I learnt a new song at Spring Harvest 2006: "Creation's King" by Graham Kendrick. (Which was recorded for the 'One God' live worship album that year.) I loved it straight away, because it had a catchy tune, and it quoted a variant of this passage."Indescribable" takes this same type of passage, with a slight twist:

Indescribable, uncontainable ... all powerful, untamable; awestruck, we fall to your knees as we humbly proclaim ... incomparable, unchangeable ...

So at least most of the chorus is Biblical, which is a Good Thing. It also has a catchy tune. And I like the poetry of

You placed the stars in the sky, and You know them by name ... / Who imagined the sun and gives source to its light / Yet concelas it to bring us the coolness of night?

There's not enough good poetry around in modern worship songs, but far too many tired rhymes. And this is a great summary of how God treats us:

You see the depths of my heart and You love me the same.

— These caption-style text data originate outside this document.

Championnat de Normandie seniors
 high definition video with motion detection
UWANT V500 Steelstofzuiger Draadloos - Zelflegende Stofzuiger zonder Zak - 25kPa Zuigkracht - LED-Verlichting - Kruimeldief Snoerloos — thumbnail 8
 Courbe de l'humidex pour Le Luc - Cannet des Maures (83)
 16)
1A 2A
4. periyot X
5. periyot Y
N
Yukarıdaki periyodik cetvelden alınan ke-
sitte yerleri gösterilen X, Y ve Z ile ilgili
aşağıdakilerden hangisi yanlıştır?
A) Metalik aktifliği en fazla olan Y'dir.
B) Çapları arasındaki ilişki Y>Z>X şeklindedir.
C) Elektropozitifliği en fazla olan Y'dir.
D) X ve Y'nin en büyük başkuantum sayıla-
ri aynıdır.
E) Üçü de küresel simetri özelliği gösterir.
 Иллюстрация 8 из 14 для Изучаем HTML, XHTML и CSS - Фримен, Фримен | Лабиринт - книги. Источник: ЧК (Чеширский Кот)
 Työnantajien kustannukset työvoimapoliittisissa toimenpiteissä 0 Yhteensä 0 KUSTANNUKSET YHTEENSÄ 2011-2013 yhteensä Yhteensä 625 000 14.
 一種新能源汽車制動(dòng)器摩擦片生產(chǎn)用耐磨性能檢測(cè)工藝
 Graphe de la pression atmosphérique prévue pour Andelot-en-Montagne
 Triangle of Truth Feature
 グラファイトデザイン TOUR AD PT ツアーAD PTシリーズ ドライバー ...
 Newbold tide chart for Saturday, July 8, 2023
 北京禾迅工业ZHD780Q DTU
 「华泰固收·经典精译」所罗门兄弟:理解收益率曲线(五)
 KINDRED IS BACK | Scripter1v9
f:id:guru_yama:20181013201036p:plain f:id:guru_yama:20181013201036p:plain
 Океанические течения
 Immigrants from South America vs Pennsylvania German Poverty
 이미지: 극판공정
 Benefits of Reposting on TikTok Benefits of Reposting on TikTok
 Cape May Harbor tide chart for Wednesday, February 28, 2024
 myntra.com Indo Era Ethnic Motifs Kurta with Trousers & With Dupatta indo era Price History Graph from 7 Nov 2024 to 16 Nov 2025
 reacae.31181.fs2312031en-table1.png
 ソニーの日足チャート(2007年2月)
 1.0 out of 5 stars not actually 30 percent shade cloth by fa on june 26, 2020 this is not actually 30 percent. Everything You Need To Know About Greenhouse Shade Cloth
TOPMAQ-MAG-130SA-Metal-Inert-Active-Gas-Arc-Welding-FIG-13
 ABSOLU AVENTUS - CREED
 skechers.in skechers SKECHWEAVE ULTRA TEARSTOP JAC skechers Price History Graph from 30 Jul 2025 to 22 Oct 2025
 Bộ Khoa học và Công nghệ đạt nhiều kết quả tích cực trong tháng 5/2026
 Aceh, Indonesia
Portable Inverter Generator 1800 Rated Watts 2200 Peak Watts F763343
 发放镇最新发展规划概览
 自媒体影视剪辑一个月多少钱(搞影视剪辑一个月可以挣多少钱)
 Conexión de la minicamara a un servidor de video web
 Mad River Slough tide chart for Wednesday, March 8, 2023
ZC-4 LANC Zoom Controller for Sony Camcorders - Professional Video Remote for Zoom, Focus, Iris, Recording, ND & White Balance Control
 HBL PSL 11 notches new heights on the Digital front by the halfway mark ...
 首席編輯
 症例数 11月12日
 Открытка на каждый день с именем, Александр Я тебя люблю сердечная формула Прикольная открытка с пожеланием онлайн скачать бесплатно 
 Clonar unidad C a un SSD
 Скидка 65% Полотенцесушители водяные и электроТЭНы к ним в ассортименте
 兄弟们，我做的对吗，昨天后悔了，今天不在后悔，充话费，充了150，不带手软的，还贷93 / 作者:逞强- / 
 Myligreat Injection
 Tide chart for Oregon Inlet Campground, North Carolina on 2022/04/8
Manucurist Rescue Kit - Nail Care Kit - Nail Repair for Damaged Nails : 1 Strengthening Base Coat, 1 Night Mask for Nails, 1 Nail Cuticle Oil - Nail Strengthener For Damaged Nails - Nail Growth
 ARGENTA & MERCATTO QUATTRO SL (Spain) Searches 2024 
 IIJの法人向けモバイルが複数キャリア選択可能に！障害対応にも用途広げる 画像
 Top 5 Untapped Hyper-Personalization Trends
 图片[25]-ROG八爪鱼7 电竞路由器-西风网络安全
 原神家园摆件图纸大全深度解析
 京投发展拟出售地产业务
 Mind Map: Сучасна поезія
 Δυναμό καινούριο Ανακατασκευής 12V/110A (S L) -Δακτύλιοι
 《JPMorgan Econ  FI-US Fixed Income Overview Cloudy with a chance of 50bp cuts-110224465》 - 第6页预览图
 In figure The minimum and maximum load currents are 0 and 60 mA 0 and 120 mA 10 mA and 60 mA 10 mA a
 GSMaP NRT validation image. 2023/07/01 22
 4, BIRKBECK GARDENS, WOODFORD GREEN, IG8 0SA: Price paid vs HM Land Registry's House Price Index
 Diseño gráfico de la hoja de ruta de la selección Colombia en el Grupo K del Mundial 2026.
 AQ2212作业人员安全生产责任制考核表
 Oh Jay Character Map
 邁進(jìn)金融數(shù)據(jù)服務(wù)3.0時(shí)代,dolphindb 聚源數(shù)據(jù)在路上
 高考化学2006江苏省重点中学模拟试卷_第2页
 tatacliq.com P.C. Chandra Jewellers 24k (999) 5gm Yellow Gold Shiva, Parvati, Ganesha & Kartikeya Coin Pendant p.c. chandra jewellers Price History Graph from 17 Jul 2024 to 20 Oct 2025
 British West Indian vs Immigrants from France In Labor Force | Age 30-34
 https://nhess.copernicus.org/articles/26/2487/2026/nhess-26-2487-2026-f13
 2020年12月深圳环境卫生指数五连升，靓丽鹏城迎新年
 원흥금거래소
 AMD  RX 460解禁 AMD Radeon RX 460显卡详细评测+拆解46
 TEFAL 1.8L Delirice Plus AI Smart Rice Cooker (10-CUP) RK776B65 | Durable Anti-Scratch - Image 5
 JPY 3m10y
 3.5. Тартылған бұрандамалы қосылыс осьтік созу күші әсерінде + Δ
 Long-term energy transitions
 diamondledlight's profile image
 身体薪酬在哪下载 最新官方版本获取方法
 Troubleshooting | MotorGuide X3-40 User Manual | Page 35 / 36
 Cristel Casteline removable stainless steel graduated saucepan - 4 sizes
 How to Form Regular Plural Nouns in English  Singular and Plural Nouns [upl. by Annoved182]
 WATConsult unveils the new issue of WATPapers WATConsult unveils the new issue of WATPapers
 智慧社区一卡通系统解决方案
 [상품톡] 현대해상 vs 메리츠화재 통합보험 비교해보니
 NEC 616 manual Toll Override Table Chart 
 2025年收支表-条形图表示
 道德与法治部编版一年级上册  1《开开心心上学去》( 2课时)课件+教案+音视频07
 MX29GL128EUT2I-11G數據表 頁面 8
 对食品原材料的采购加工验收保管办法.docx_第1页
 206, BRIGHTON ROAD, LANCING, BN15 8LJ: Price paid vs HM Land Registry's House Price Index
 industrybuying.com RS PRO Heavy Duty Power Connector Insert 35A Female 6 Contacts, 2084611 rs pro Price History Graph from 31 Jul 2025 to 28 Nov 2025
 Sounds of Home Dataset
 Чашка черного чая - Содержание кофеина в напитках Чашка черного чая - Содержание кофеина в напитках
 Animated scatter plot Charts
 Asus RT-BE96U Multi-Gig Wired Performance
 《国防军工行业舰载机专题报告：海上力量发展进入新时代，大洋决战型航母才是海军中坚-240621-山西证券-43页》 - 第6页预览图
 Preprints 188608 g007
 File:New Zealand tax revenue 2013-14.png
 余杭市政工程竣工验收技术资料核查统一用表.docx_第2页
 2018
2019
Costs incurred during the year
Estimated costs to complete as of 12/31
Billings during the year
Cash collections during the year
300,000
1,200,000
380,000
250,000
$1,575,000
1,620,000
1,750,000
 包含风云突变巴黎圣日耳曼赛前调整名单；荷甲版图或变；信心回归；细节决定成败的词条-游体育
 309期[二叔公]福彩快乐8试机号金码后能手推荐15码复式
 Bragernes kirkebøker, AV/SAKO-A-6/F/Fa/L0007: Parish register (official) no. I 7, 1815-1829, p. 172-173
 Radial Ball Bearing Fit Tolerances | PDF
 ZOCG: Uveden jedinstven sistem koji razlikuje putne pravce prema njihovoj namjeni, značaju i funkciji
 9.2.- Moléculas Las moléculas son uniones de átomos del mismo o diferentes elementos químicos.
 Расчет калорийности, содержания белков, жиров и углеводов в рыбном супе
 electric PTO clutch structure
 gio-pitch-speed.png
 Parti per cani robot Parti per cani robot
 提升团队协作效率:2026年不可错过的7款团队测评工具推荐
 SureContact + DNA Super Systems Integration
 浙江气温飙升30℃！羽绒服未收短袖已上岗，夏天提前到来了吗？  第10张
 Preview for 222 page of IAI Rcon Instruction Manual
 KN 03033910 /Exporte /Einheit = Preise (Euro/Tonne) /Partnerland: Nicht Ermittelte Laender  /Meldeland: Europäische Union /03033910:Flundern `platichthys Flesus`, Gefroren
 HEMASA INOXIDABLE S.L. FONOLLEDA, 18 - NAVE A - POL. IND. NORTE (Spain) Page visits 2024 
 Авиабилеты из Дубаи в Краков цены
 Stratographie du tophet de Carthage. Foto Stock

At the same time, I'd prefer to change a couple of the lines. It works better when sung in context that it looks like on the page, but "You are amazing, God" feels slightly vacuous, and I'd prefer "You are amazing, Lord". Simon might still feel this is crass, but it is a simple statement of worship, which is what it's all about. The bigger problem is with "Who has told every lightning bolt where it should go ...", which whilst poetically showing the power of God, just makes me think of the tens of people each year who die when hit by a thunderbolt - did God really aim them specifically at them? Unlikely. I'd prefer "Who could tell every lightning bolt where it should go ...".